◆ WORK INSTRUCTION ◆
Below are some entries; state how many of their lines include the word "Brown" and give no more than that number.

◆ DATA ◆

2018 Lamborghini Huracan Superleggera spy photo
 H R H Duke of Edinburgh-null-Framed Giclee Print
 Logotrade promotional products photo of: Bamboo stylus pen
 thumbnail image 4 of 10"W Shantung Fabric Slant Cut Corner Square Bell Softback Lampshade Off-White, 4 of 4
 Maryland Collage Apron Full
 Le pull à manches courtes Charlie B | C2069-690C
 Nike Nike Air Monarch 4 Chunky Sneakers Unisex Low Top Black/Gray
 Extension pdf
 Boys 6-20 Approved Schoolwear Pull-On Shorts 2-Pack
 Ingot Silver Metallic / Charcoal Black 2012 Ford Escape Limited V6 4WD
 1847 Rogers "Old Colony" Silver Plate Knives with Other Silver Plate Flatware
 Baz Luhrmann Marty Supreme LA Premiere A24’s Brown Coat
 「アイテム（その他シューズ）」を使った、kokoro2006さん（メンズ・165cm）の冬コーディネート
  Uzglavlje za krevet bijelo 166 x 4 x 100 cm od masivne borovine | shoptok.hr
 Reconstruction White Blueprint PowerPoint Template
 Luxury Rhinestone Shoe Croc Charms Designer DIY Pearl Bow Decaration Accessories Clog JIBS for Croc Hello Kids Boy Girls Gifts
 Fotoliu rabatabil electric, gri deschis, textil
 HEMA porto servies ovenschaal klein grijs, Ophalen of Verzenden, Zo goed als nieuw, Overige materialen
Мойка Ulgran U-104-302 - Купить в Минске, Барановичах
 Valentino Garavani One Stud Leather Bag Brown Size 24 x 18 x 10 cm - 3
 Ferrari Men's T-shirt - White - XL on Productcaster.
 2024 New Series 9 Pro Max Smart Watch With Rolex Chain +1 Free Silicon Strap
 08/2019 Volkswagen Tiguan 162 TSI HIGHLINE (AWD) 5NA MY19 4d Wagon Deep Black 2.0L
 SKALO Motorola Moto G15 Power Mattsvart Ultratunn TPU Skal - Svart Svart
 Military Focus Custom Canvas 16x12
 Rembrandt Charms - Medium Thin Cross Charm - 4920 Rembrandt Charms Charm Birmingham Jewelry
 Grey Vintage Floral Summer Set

◆ ANSWER TO THIS EXERCISE ◆
2